- _PROBLEM TO WORK ON_
Every record must come back unchanged, apart from the pictures, which are dropped.

- _PROVIDED RECORDS_
──────────

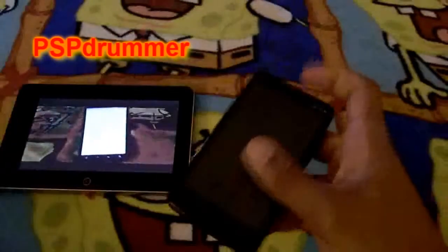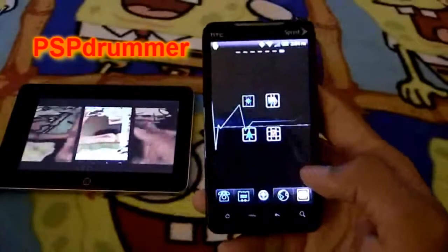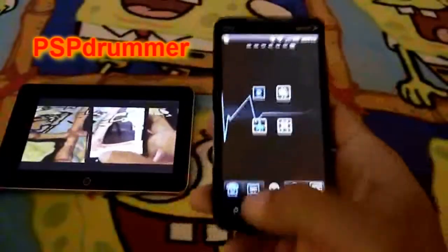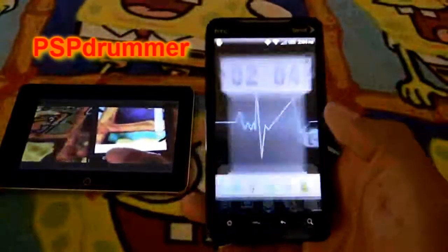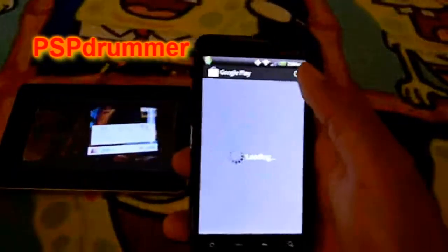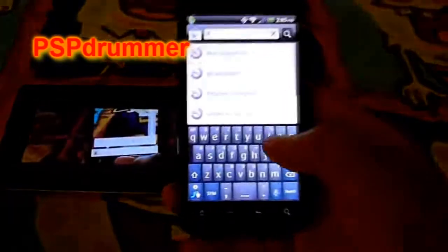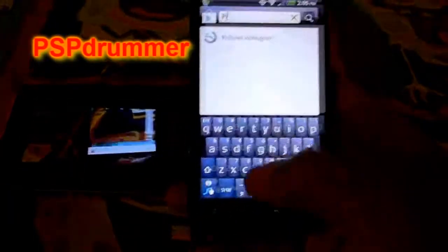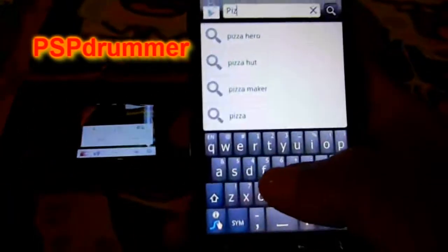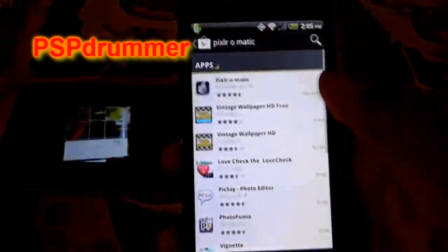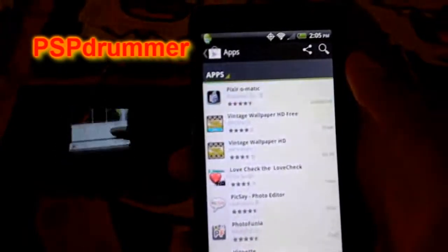And back to this one. This one is called Pixlr-O-Matic. You can find it in Google Play — it's gonna be P-I-X... there it is. Looks like that.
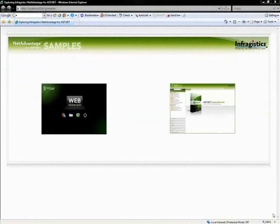Hey guys, thanks for joining me today. Today we're going to be going over the samples for the ASP.NET portion of our tool set.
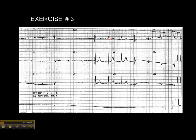Any ST elevation in V1? No. ST elevation in V2? No. ST elevation V3? No. V4? No. Let's look at the lateral leads — V5? No. V6? No.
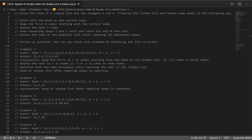Let's go over question number 1474, delete N nodes after M nodes of a linked list. This is a linked list question. Given the head of a linked list and two integers M and N, traverse the linked list and remove some nodes in the following way.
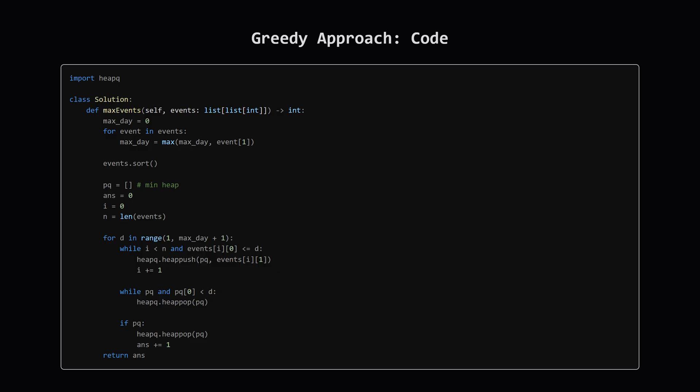Alright, here's the Python code that puts it all together. First, we sort the events. Then, we set up our main loop to go through each day. Inside the loop, you can see the logic we just discussed. The first while loop adds the end times of any newly available events into our priority queue. The second while loop is our cleanup crew, removing events from the queue that have already ended. And finally, if there's anything left in the priority queue, we attend one, popping the soonest ending event, and we increment our answer.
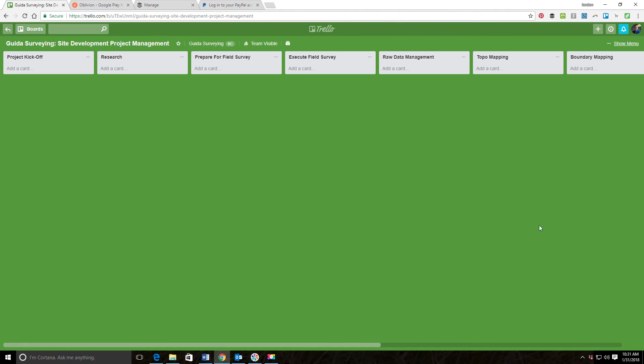I'm going to go ahead and end this video now, and then we'll do another quick, fairly short video that'll show you how I go in and set up the template card for the projects that are going to populate this board.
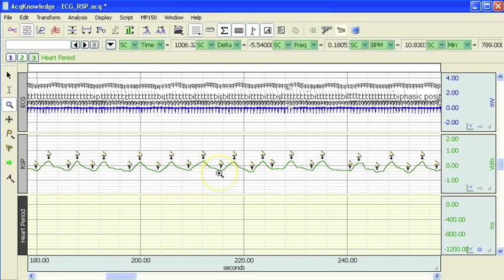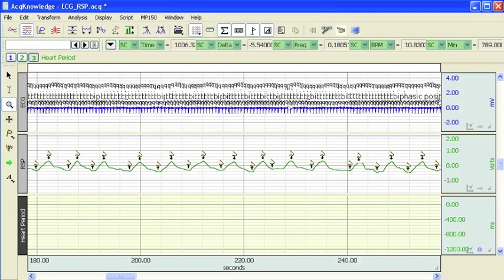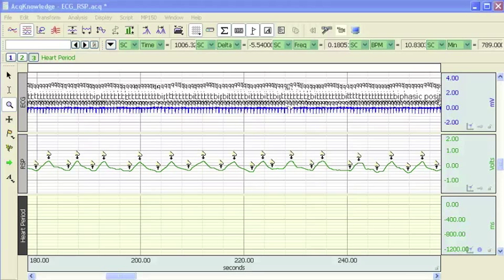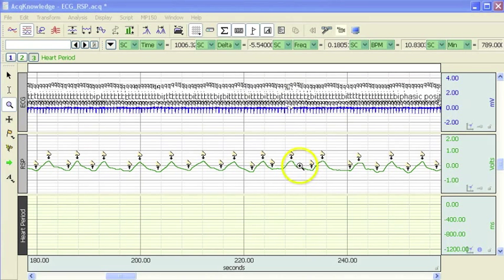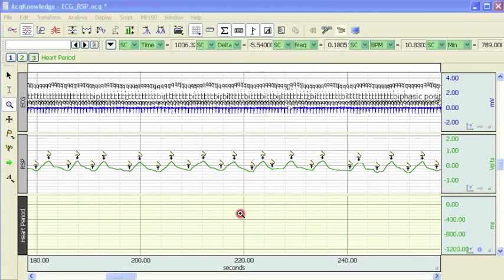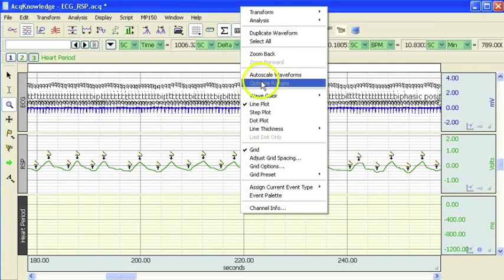That is important for this particular analysis because during the inspiration cycle we are going to look for the minimum R2R interval.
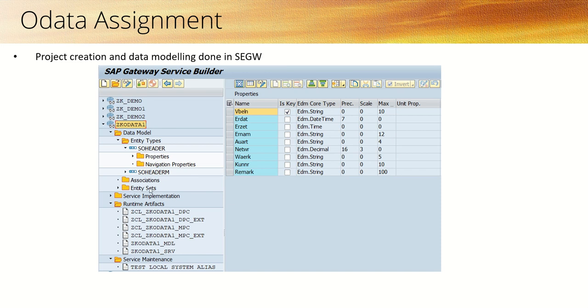Once we have both header and item entities ready along with the respective methods implemented, we can learn the next topic: association, navigation, and create deep entity. We can do that after completing this small assignment.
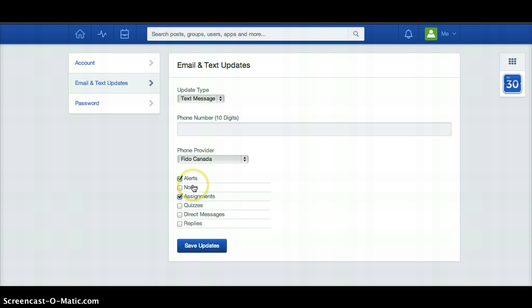Do not sign up for text messages or emails for replies or maybe even notes just because you'll get messages all the time. So I recommend you don't do that. Those are the basics of Edmodo and I hope that that is helpful.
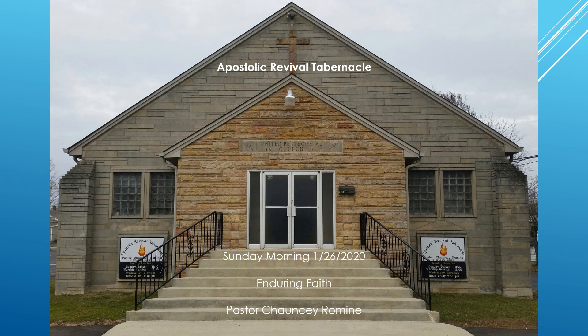Let's all stand. Good to be in the house of the Lord again, fill his presence and mercy. Hallelujah.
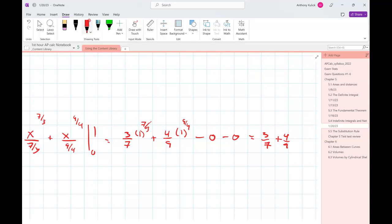Does that feel okay, Mackenzie? The big trick there was thinking about the radicals as fractional exponents and then distributing the x through, and then it became a problem we could handle. Others? 5.3 number 73, sure.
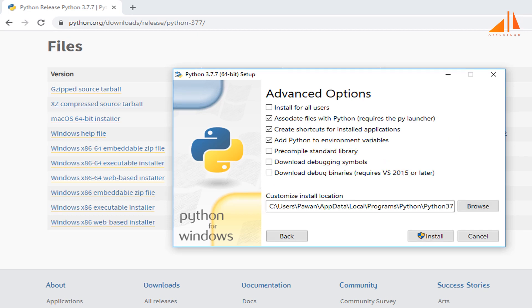Click next to continue. This window shows a list of advanced options. Check the options which you want to install. You should check the fourth checkbox which will automatically add Python to environment variables and you will not have to do this exercise manually after installing Python.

──────────

- _SOLUTION TO THIS PROBLEM_
And back to this one. This one is called Pixlr-O-Matic. You can find it in Google Play — it's gonna be P-I-X... there it is. Looks like that.
Hey guys, thanks for joining me today. Today we're going to be going over the samples for the ASP.NET portion of our tool set.
Any ST elevation in V1? No. ST elevation in V2? No. ST elevation V3? No. V4? No. Let's look at the lateral leads — V5? No. V6? No.
Let's go over question number 1474, delete N nodes after M nodes of a linked list. This is a linked list question. Given the head of a linked list and two integers M and N, traverse the linked list and remove some nodes in the following way.
Alright, here's the Python code that puts it all together. First, we sort the events. Then, we set up our main loop to go through each day. Inside the loop, you can see the logic we just discussed. The first while loop adds the end times of any newly available events into our priority queue. The second while loop is our cleanup crew, removing events from the queue that have already ended. And finally, if there's anything left in the priority queue, we attend one, popping the soonest ending event, and we increment our answer.
I'm going to go ahead and end this video now, and then we'll do another quick, fairly short video that'll show you how I go in and set up the template card for the projects that are going to populate this board.
That is important for this particular analysis because during the inspiration cycle we are going to look for the minimum R2R interval.
Once we have both header and item entities ready along with the respective methods implemented, we can learn the next topic: association, navigation, and create deep entity. We can do that after completing this small assignment.
Do not sign up for text messages or emails for replies or maybe even notes just because you'll get messages all the time. So I recommend you don't do that. Those are the basics of Edmodo and I hope that that is helpful.
Let's all stand. Good to be in the house of the Lord again, fill his presence and mercy. Hallelujah.
Does that feel okay, Mackenzie? The big trick there was thinking about the radicals as fractional exponents and then distributing the x through, and then it became a problem we could handle. Others? 5.3 number 73, sure.
Click next to continue. This window shows a list of advanced options. Check the options which you want to install. You should check the fourth checkbox which will automatically add Python to environment variables and you will not have to do this exercise manually after installing Python.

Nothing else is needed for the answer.